Ayette “Ekamu’s-salate” ye gelinceye kadar, “Ekamu’s-salate” ye ait harflerin sayısı 40’dır.

MÜCADELE SURESİ 13. AYET ( NAMAZDA Kİ İLAHİ GERÇEK)

أَأَشْفَقْتُمْ أَن تُقَدِّمُوا بَيْنَ يَدَيْ نَجْوَاكُمْ صَدَقَاتٍ فَإِذْ لَمْ تَفْعَلُوا وَتَابَ اللَّهُ عَلَيْكُمْ فَأَقِيمُوا الصَّلَاةَ وَآتُوا الزَّكَاةَ وَأَطِيعُوا اللَّهَ وَرَسُولَهُ وَاللَّهُ خَبِيرٌ بِمَا تَعْمَلُونَ

“Artık namazı kılın, zekatı verin, allah ve Resulune itaat edin. Allah yaptıklarınızdan haberdardır”

1.
Salat : namaz
Ayette Salat’a gelinceye kadar olan hece sayısı 40.

2.
“Ekimu’s-salate” namazı hakkıyla kılın
“Ekimu’s-salate” den itibaren ibare sonuna kadar olan harf sayısı 40.
Ayette “Ekimu’s-salate” ye kadar olan hece sayısı 40.

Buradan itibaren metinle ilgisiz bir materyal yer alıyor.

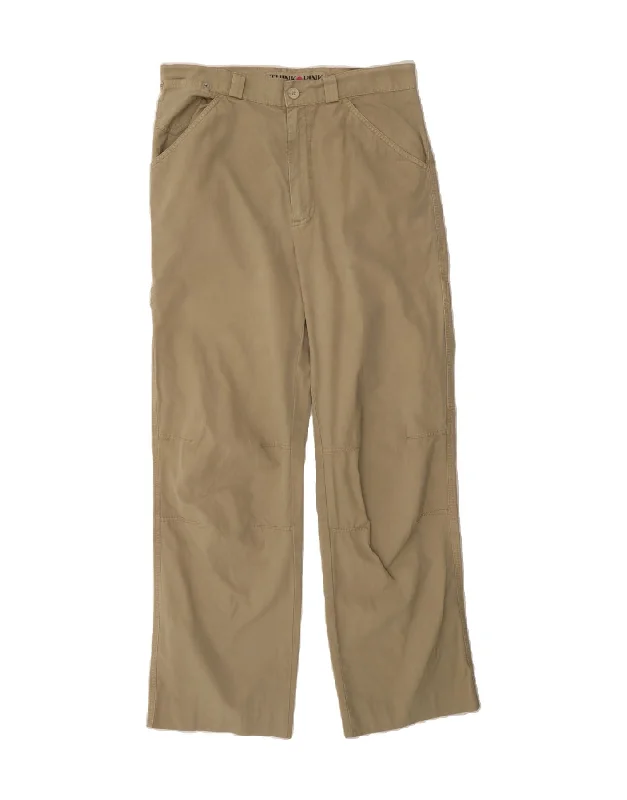 THINK PINK Mens Straight Cargo Trousers IT 48 Medium W32 L30 Beige Cotton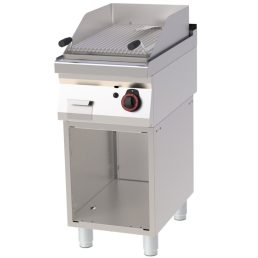   RM GASTRO REDFOX GL 70/40 G Gázüzemű lávaköves grill 6,5kW, nyitott tárolószekrénnyel, 400mm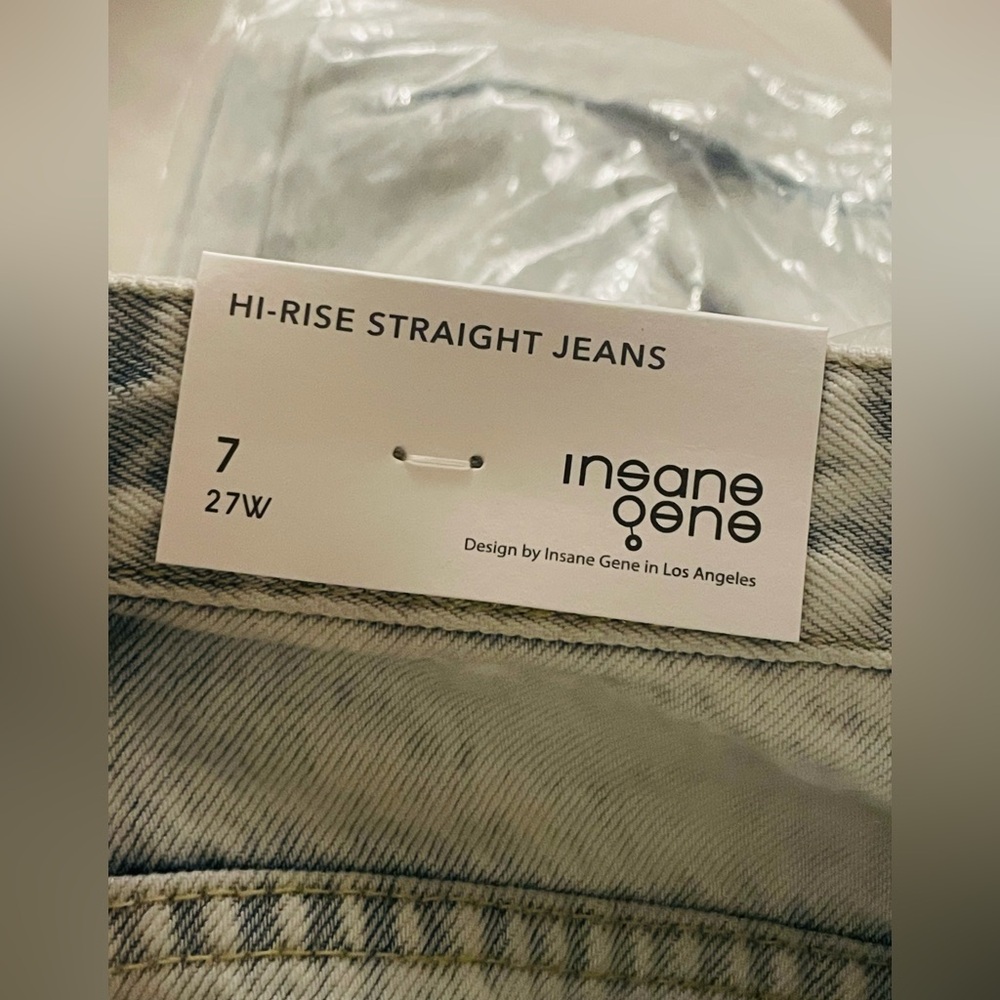 Light Blue Jeans with Distressed Detailing, hi-rise tapered jeans - Picture 4 of 4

5 vakit namazda farz olan kılınması zorunlu rekatların sayısı 17 dir.

3.
Salat’dan itibaren ayet sonuna kadar kullanlan harf çeşidi 17.
Ayette Salat a gelinceye kadar Salat a ait olan harflerin tekrar sayısı 17
Salat’den sonra ibare sonuna kadar olan hece sayısı 17
Salat’dan itibaren ibare sonuna kadar Salat’ın harfleri 17 defa geçiyor.
Bulunduğu ibarede Salat a kadar olan nokta sayısı 17
Salat’den ibare sonuna kadar olan nokta sayısı 17

4.
“Ekimü’s-Salate” : namazı hakkıyla kılın
“Ekimü’s-Salate” den sonra ibare sonuna kadar olan hece sayısı tam 17
Bulunduğu ibarede “Ekimü’s-Salate”ye gelinceye kadar olan noktasız harf sayısı 17
Bulunduğu ibarede “Ekimü’s-Salate” ye gelinceye kadar olan nokta sayısı 17

BEYYİNE SURESİ 5. AYET ( NAMAZ KIRK REKATTIR )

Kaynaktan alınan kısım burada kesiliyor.